Inflation seems to be a significant factor in our economic situation this year. Gas prices are now around $4.00 per gallon for regular; health costs are rising about 10% and the increasing cost of oil is undoubtedly going to be reflected in a variety of products that all Americans use.
The annual increase in pay for federal retirees is pegged to a consumer price index. With several more months to go, the current amount of the increase for retirees is chugging along at 4.5%. That means federal employees eligible for the full increase would see their retirement checks go up about 4.5%. And, with more time to go before the 2009 calculation becomes final, the 4.5% figure is likely to actually go higher.
President Bush has proposed a pay increase for active federal employees of 2.9%. The final figure for 2009 will almost certainly be higher than that. A House panel has already approved a raise of 3.9% for next year which means that the federal civilian pay raise would match that approved for military personnel in 2009 by the House as part of the authorization bill for the Department of Defense.

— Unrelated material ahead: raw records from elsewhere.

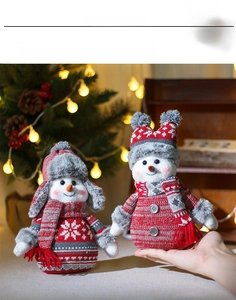Close-up of a pair of knit Christmas snowman dolls in red and grey with snowflakes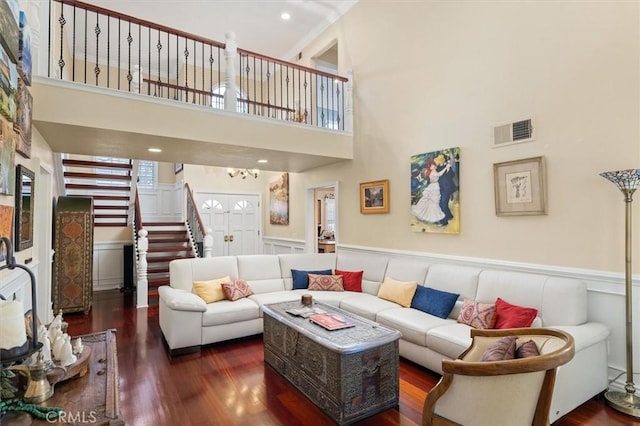 living room with visible vents, wainscoting, stairway, wood finished floors, and a decorative wall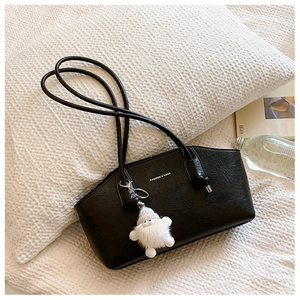 Détail du cabas en cuir noir texturé avec logo blanc et breloque en peluche douce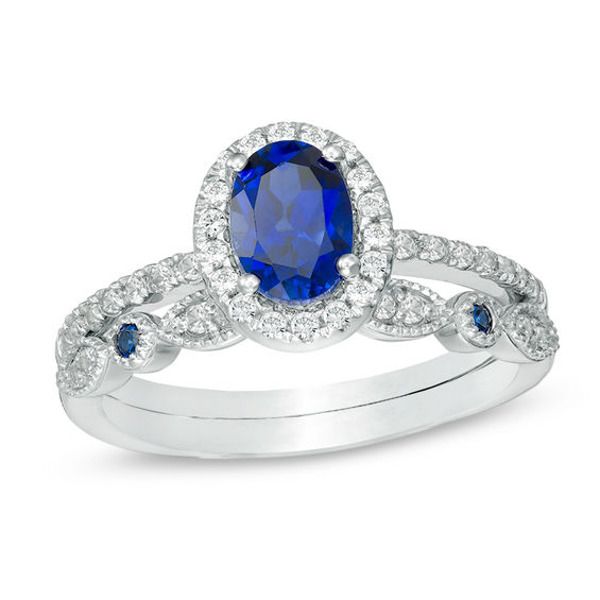 Start your endless love story with this vintage-inspired bridal set. Created in cool 10K white gold, the classic engagement ring showcases a 7.0 x 5.0mm oval-shaped lab-created bright blue sapphire wrapped in a frame of and atop a slender shank lined with glimmering petite lab-created white sapphires. On your wedding day, complete her look with coordinating band decorated with alternating created white sapphire-adorned marquise shapes and bezel-set created blue sapphires - all wrapped in milgrai Quinceanera Outfit, Oval Morganite Ring, Blue Diamond Engagement Ring, Band Ideas, Classic Engagement Ring, Leaf Engagement Ring, Elegant Engagement Rings, Sapphire Rings, Classic Engagement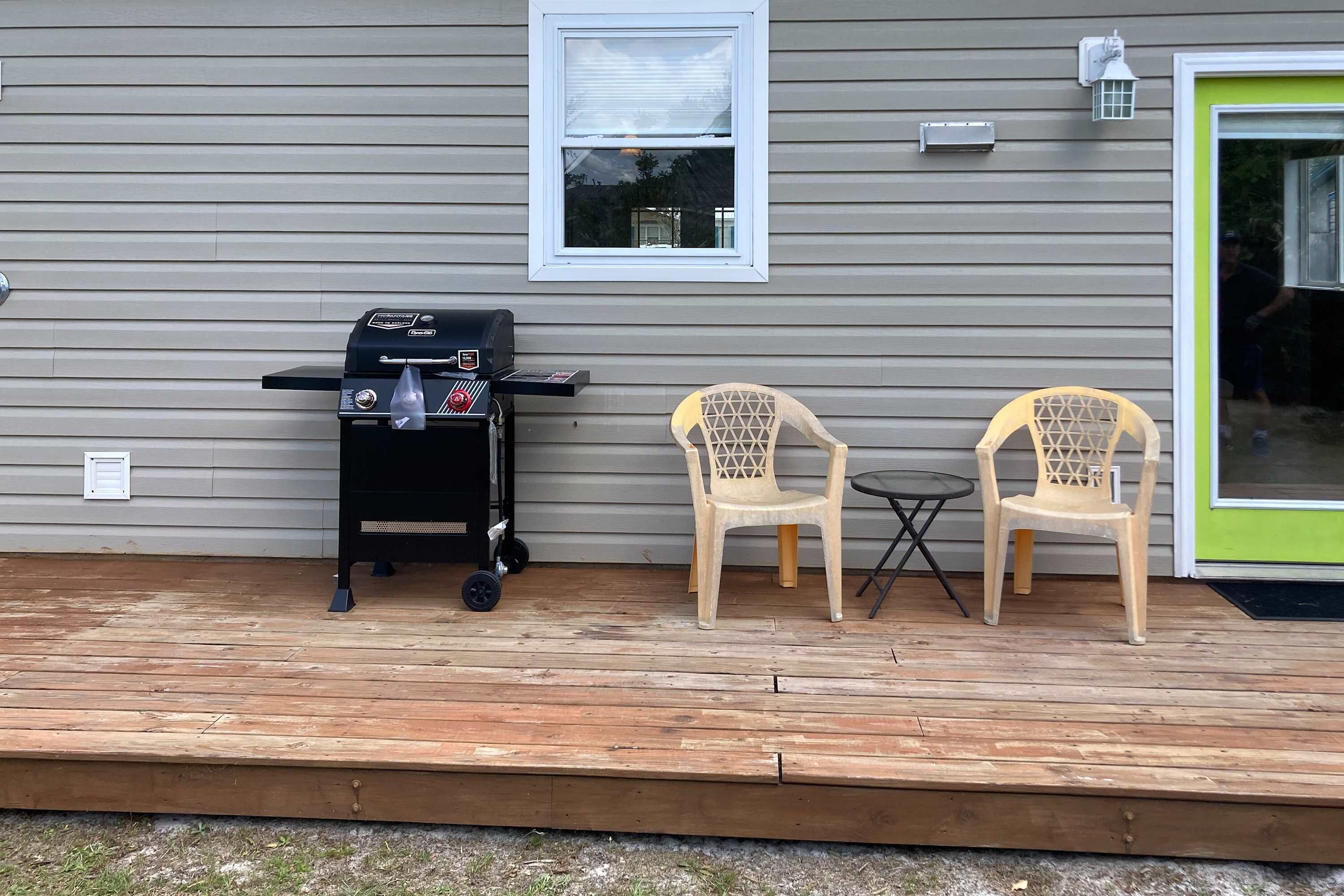 A wooden deck with a grill and two chairs.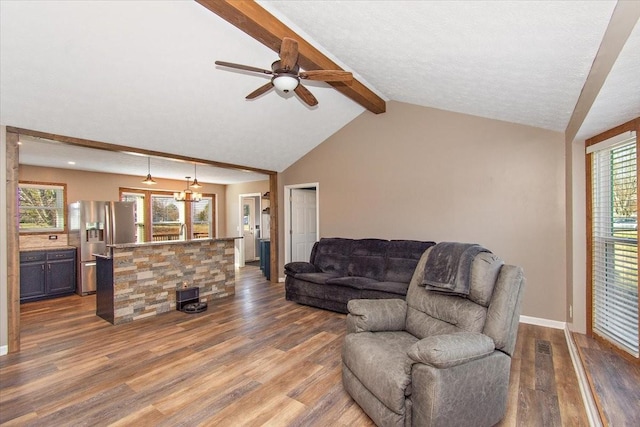 living room with ceiling fan with notable chandelier, wood-type flooring, vaulted ceiling with beams, and a healthy amount of sunlight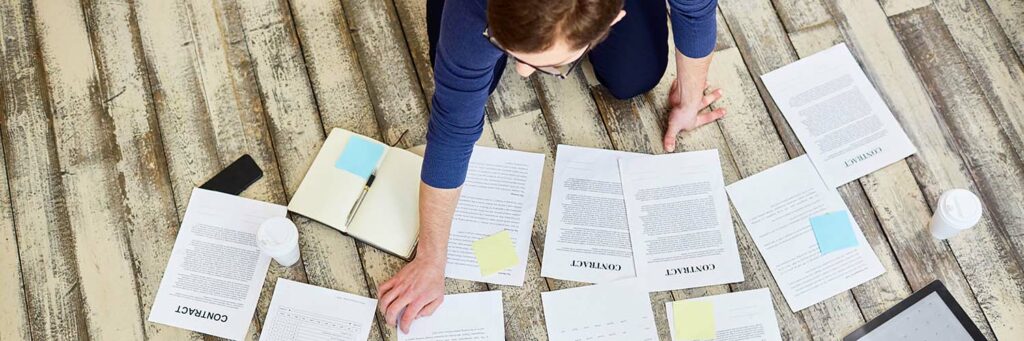 Above view of unrecognizable businessman laying out documents on wooden floor in office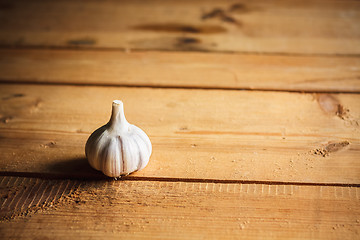 Image showing Raw Garlic On Wooden Background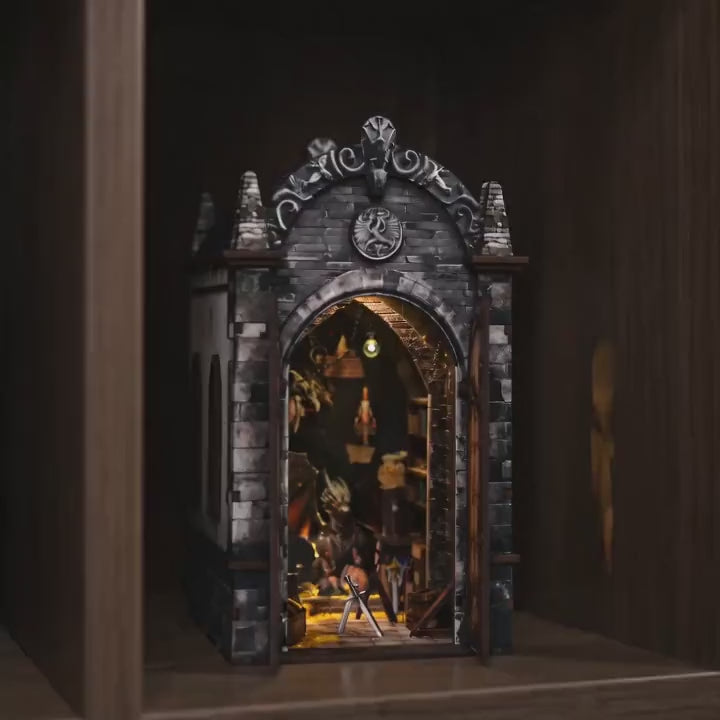 The Dragon's Keep book nook showcase, warm interior glowing to life
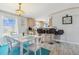 Bright dining area with modern table and chairs, situated near the kitchen and breakfast bar at 14924 Old Dixie Hwy, Hudson, FL 34667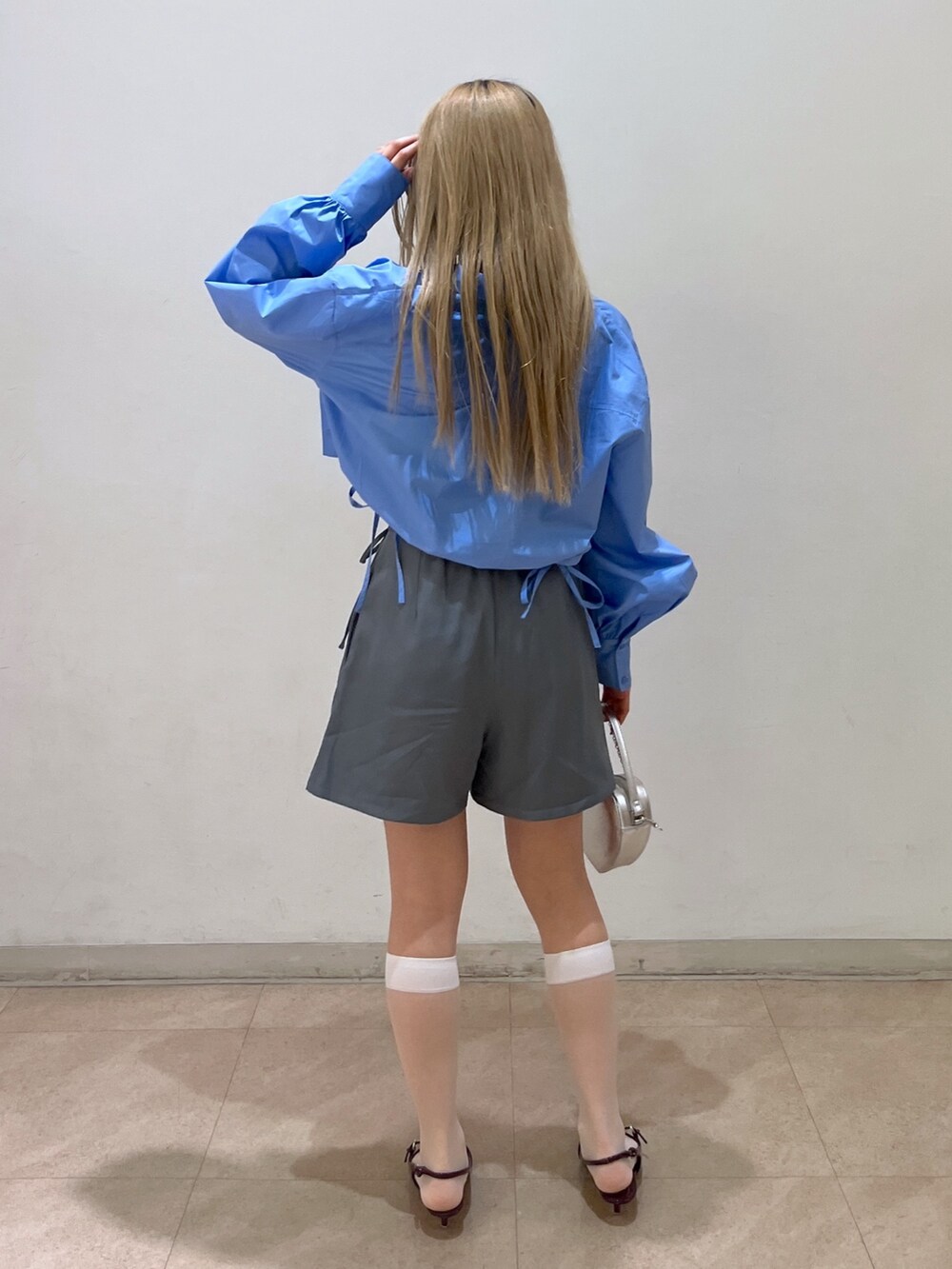 ブルー系のシャツ/ブラウス、グレー系のスカート、シルバー系のショルダーバッグを着用したレディースの春コーディネートの3枚目の写真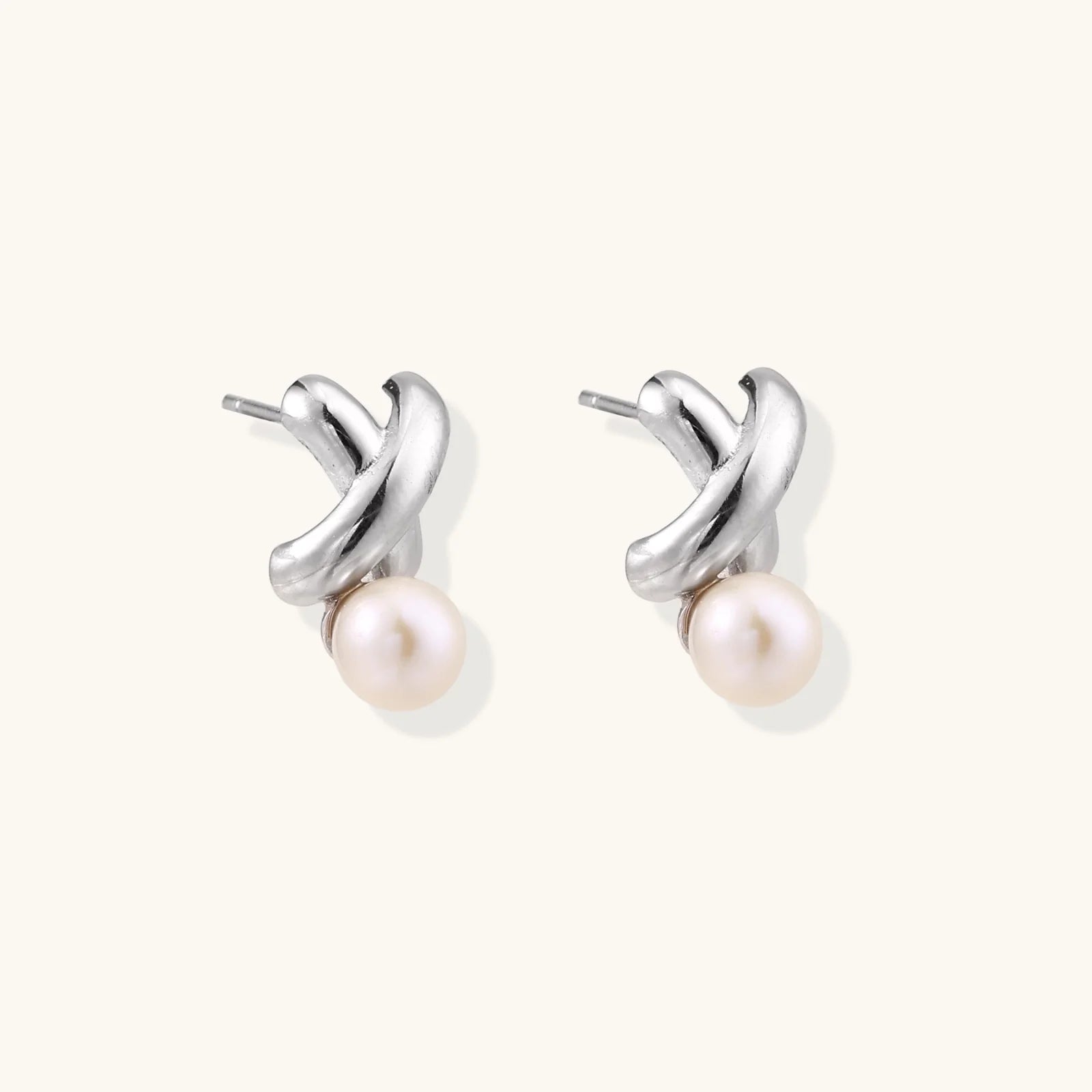Rhodium-plated silver earrings with twisted X design and freshwater pearl drops on beige background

Keep in mind that the 3.9% figure for federal civilian employees is an average figure. Locality pay plays a big role in how much an individual employee will receive. To take a recent example, the average federal pay raise for 2008 was 3.5%. Federal employees in the Washington, DC metro area actually got 4.49%. A number of readers wrote and asked why their check had gone up less than 3.5% since that was the federal pay raise. The reason is because of locality pay. Employees in cities such as Cincinnati (2.84%) and Indianapolis (2.96%) and the Rest of the U.S. (2.99%) got less than the 3.5%. (Check out the 2008 federal pay tables to compare your salary to your colleagues elsewhere in government and the article on Understanding the 2008 Federal Pay Raise (Maybe).)
So, if the average federal pay raise next year does turn out to be 3.9%, your actual pay raise will probably be higher or lower than the average depending on where you live. Don’t expect a final figure until much later in the year though. Based on past experience (See 2008 Pay Raise Approved and Implemented), the decision on the 2009 raises will not be made until well after the start of the next fiscal year.
One other consideration: If the CPI translates into a "raise" for federal retirees (more accurately a cost of living adjustment) of 4.5% or even 5.5%, that does not mean that the salary of active federal employees will go up that much. Congress and the President will make the decision of the 2009 federal pay raise. The COLA increase for retirees may have an impact on their decision but the salary for federal employees is not an automatic calculation like the average COLA increase. (See COLA’s Pay Raises and the Federal Community)
And, finally, if you are looking forward to a higher retirement check, don’t cheer too loudly. If your retirement check does go up 5% or so in 2009, your overall expenses are likely to go up more than that. Medical expenses (including medical insurance premiums) are likely to hit retirees (who are older) harder than active federal employees and other expenses that are part of everyday life may go up more than the amount of the COLA. (See Retirement Shock Number Three: Inflation)
As the long, complex dance in arriving at a decision on the annual pay increase continues throughout the year, we will keep you up-to-date.